Winners And Champions
I’ll be honest: If I were a manufacturer and had to choose between the large right-hand market and the small left-hand market, it wouldn’t be a hard choice, especially at the start. But I’m thankful that some makers see things differently. On the custom and semi-custom level, for instance, most shops offer a full range of left-hand options and a few tend to cater to us southpaws. Pennsylvania gunmaker Mark Bansner told me that, in his previous business as Bansner’s Ultimate Rifles, his left-hand orders exceeded 20 percent. His new firm, Legendary Arms Works, now in the first year of production with its Model 704, doesn’t yet offer a left-hand action, but since Bansner himself is left-handed, I’m pretty sure we’ll see one eventually.

Until fairly recently, most left-hand actions have been push-feed rather than controlled-round-feed. Lefties know the former work and don’t understand the stigma against them; this Remington Model 700 in .300 RUM feeds perfectly well upside down and sideways.
Some years back, South Carolina riflesmith Kenny Jarrett started making his own receivers. Of course he started with right-hand actions, but he now has equal left-hand offerings. The same is true of most of the other firms that have their own unique actions: Dakota, H-S Precision, Lazzeroni, McMillan, Montana Rifle Co., New Ultra Light Arms and more. Making one’s own unique, proprietary action is a major manufacturing leap, so the majority of America’s custom riflemakers use somebody else’s action. It’s no problem if that action happens to be left-hand. But unless your cartridge preference is really wild, I would never suggest that it’s necessary to go the custom or even semi-custom route to obtain a left-hand rifle because there are options on the market.

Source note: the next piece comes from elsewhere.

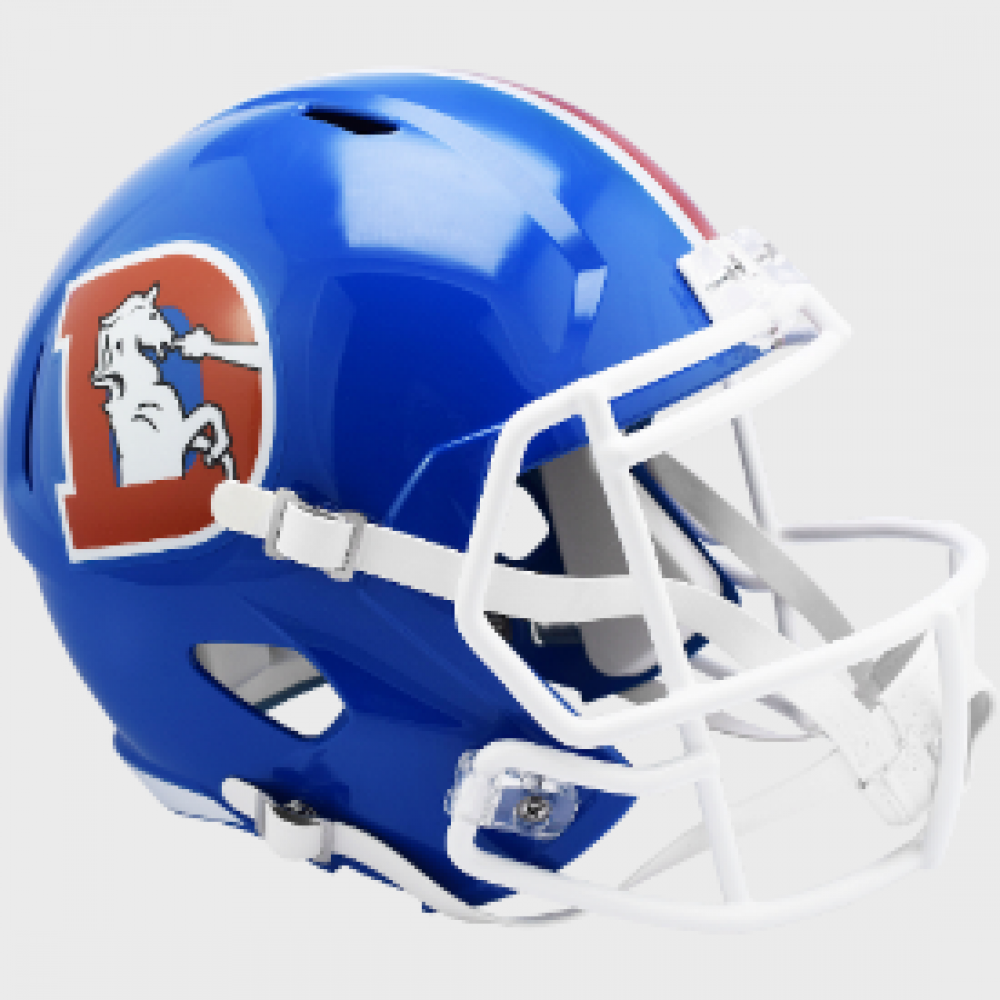 Denver Broncos 1975-1996 Throwback Riddell Full Size Replica Speed Helmet Royal Blue Shell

To me the perennial champions of the left-hand cause are Browning, Remington, Ruger and Savage. With Browning, caliber options come and go—the A-Bolt has been available in left-hand in .338 Win. Mag. and .375 H&H Mag.—but if they don’t sell, they can’t stay in the line. Currently the left-hand A-Bolt is offered in 10 chamberings, and among them are true rarities for left-hand rifles, such as 6.5 mm Creedmoor and both .270 and .300 WSM. But don’t forget the BAR in both Short Trac and Long Trac. Browning looks after us pretty well.

Remington is another favorite among lefties. Regrettably, the slick little Model Seven has never been available in left-hand bolt, but the Model 700 has been almost since the beginning. I suspect that more custom and semi-custom left-hand rifles have been based on the Model 700 action than all other actions combined. Availability of production left-hand Model 700s has also been, though never perfect, consistently good. As a writer, I try very hard not to pick favorites; but, over the years, I’ve used Remington Model 700 actions more than anything else simply because of their availability in left-hand.

Ruger introduced its mirror-image M77 Mark II with just a few chamberings. The left-hand selection has never been large, but it has included key offerings such as the RCMs and the .375 Ruger. The Gunsite Scout is available in several left-hand models. And let’s not forget the bilateral Ruger No. 1, which historically has been offered in a huge number of chamberings. But, to my thinking, what takes Ruger from a left-hand winner to a true champion is that its economically priced American is now available in a left-hand version in both short and long action. That’s rare!

The ultimate champion of the left-hand cause, however, simply has to be Savage. No, not all of the many variations of the old Savage Model 110 action will ever be available in left-hand, but year in and year out its left-hand selection has remained extremely robust. Today you can find everything from basic big game and varmint rifles in a good assortment of chamberings all the way to full-up heavy tactical rigs in .338 Lapua Mag. And Savage even has a varmint/target setup with the safety of a left-hand loading port, but the convenience of a right-hand bolt. Think about it. Whether on the bench or in a prairie dog town, you’re steady over the rest, and all you have to do is work the action with your supporting—but over a rest, fairly useless—right hand. I thought that was a trade secret: Over a steady rest that’s the way I usually work a right-hand bolt!